Karol Wojtyła subió al Solio de Pedro llevando consigo la profunda reflexión sobre la confrontación entre el marxismo y el cristianismo, centrada en el hombre. Su mensaje fue éste: el hombre es el camino de la Iglesia, y Cristo es el camino del hombre. Con este mensaje, que es la gran herencia del Concilio Vaticano II y de su «timonel», el Siervo de Dios el Papa Pablo VI, Juan Pablo II condujo al Pueblo de Dios a atravesar el umbral del Tercer Milenio, que gracias precisamente a Cristo él pudo llamar «umbral de la esperanza». Sí, él, a través del largo camino de preparación para el Gran Jubileo, dio al Cristianismo una renovada orientación hacia el futuro, el futuro de Dios, trascendente respecto a la historia, pero que incide también en la historia.
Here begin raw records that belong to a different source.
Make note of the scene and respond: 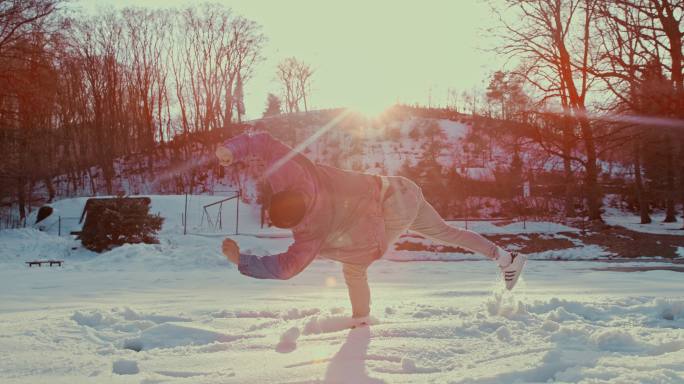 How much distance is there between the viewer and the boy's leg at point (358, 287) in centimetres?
379

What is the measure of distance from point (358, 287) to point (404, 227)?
20.4 inches

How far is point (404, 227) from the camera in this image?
3.80 meters

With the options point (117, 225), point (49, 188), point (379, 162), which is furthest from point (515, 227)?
point (49, 188)

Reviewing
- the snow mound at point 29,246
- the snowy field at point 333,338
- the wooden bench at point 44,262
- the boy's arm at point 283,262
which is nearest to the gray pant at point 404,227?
the snowy field at point 333,338

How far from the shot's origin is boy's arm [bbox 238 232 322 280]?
306cm

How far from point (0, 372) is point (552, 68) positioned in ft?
69.5

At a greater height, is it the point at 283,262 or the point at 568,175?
the point at 568,175

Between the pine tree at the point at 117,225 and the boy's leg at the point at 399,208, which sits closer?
the boy's leg at the point at 399,208

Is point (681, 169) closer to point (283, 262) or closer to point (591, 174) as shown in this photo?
point (591, 174)

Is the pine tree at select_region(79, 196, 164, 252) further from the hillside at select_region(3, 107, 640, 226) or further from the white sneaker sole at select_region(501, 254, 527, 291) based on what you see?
the hillside at select_region(3, 107, 640, 226)

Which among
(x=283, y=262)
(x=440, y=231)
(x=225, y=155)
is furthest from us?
(x=440, y=231)

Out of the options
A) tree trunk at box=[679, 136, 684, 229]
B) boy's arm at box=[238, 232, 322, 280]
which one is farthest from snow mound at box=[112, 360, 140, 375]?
tree trunk at box=[679, 136, 684, 229]

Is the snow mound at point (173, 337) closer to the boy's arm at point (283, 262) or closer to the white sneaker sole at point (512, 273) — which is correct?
the boy's arm at point (283, 262)

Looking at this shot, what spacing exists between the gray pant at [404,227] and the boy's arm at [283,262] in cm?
60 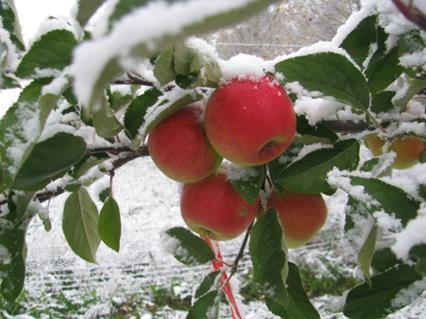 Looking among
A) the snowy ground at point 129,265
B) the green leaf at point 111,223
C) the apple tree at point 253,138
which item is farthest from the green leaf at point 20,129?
the snowy ground at point 129,265

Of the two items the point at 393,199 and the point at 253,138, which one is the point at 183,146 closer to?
the point at 253,138

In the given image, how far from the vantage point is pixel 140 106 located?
0.44m

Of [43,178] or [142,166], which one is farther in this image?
[142,166]

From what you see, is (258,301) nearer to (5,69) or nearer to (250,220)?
(250,220)

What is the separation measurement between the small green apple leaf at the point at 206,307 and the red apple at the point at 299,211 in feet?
0.39

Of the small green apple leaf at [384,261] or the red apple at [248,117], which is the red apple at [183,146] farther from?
the small green apple leaf at [384,261]

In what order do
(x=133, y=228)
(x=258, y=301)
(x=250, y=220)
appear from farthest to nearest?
1. (x=133, y=228)
2. (x=258, y=301)
3. (x=250, y=220)

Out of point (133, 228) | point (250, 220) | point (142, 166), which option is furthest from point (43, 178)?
point (142, 166)

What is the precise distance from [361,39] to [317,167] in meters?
0.15

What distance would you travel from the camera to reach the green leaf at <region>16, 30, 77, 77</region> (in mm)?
339

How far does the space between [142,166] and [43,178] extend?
14.0ft

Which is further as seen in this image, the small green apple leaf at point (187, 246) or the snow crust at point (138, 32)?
the small green apple leaf at point (187, 246)

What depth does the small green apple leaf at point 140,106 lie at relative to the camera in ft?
1.44

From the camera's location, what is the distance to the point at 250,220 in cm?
→ 55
Aquella carga de esperanza que en cierta manera se le dio al marxismo y a la ideología del progreso, él la reivindicó legítimamente para el Cristianismo, restituyéndole la fisonomía auténtica de la esperanza, de vivir en la historia con un espíritu de «adviento», con una existencia personal y comunitaria orientada a Cristo, plenitud del hombre y cumplimiento de su anhelo de justicia y de paz.

Quisiera finalmente dar gracias también a Dios por la experiencia personal que me concedió, de colaborar durante mucho tiempo con el beato Papa Juan Pablo II. Ya antes había tenido ocasión de conocerlo y de estimarlo, pero desde 1982, cuando me llamó a Roma como Prefecto de la Congregación para la Doctrina de la Fe, durante 23 años pude estar cerca de él y venerar cada vez más su persona. Su profundidad espiritual y la riqueza de sus intuiciones sostenían mi servicio. El ejemplo de su oración siempre me ha impresionado y edificado: él se sumergía en el encuentro con Dios, aun en medio de las múltiples ocupaciones de su ministerio. Y después, su testimonio en el sufrimiento: el Señor lo fue despojando lentamente de todo, sin embargo él permanecía siempre como una «roca», como Cristo quería. Su profunda humildad, arraigada en la íntima unión con Cristo, le permitió seguir guiando a la Iglesia y dar al mundo un mensaje aún más elocuente, precisamente cuando sus fuerzas físicas iban disminuyendo. Así, él realizó de modo extraordinario la vocación de cada sacerdote y obispo: ser uno con aquel Jesús al que cotidianamente recibe y ofrece en la Eucaristía.

En el texto de la homilía: ¡Dichoso tú, amado Papa Juan Pablo, porque has creído! Te rogamos que continúes sosteniendo desde el Cielo la fe del Pueblo de Dios. [E improvisando, Benedicto XVI añadió:] Tantas veces nos has bendecido desde esta plaza. Santo Padre, hoy te pedimos, bendícenos. Amén.